■ Required action ■
Please show each line of the listing where "Para" is present.

■ The data ■
-- Opening Marker --
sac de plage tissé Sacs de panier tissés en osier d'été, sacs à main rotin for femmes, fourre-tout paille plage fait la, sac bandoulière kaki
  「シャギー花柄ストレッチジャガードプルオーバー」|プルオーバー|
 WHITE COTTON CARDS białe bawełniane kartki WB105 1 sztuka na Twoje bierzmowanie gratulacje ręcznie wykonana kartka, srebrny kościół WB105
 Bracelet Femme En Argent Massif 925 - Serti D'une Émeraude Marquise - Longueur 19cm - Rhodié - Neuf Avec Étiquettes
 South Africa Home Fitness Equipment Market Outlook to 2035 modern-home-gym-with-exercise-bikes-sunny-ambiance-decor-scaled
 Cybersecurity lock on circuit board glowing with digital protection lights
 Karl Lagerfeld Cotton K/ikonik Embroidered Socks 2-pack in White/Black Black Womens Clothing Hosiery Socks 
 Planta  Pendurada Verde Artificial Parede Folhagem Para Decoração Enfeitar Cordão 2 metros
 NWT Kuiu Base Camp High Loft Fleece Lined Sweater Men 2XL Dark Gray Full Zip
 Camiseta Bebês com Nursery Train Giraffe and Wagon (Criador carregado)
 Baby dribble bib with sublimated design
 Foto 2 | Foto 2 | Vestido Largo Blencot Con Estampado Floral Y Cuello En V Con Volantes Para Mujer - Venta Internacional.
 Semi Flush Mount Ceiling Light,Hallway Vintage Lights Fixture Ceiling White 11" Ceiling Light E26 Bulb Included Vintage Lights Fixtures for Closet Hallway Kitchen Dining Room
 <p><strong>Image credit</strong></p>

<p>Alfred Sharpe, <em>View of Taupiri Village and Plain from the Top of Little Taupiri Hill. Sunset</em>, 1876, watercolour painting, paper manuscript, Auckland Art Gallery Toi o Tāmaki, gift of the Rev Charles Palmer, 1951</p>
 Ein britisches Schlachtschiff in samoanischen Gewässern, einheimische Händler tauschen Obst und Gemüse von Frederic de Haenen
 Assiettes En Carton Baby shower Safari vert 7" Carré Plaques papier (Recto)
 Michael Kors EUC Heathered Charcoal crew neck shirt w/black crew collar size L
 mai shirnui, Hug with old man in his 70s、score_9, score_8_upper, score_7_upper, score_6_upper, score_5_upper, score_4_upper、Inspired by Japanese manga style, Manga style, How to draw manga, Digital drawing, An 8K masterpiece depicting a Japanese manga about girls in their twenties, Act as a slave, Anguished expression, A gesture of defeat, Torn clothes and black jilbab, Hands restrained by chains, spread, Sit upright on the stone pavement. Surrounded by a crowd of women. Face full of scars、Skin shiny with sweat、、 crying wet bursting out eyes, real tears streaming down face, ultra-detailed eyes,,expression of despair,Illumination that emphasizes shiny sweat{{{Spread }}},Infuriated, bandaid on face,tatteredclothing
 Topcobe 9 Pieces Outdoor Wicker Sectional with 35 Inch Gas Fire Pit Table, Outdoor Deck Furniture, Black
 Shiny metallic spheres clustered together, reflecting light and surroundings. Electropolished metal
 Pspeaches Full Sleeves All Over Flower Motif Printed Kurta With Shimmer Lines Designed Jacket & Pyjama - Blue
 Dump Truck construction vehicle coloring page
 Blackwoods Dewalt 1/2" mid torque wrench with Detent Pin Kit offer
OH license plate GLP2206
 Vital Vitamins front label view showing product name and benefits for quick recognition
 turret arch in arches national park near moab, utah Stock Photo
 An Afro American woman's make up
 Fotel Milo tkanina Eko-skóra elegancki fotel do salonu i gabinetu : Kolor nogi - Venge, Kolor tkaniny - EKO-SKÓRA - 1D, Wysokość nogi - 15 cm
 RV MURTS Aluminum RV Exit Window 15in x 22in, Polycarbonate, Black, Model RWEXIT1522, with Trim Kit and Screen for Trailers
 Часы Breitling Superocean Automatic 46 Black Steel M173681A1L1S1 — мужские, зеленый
-- Closing Marker --
■ Output of the task ■
 Planta  Pendurada Verde Artificial Parede Folhagem Para Decoração Enfeitar Cordão 2 metros
 Foto 2 | Foto 2 | Vestido Largo Blencot Con Estampado Floral Y Cuello En V Con Volantes Para Mujer - Venta Internacional.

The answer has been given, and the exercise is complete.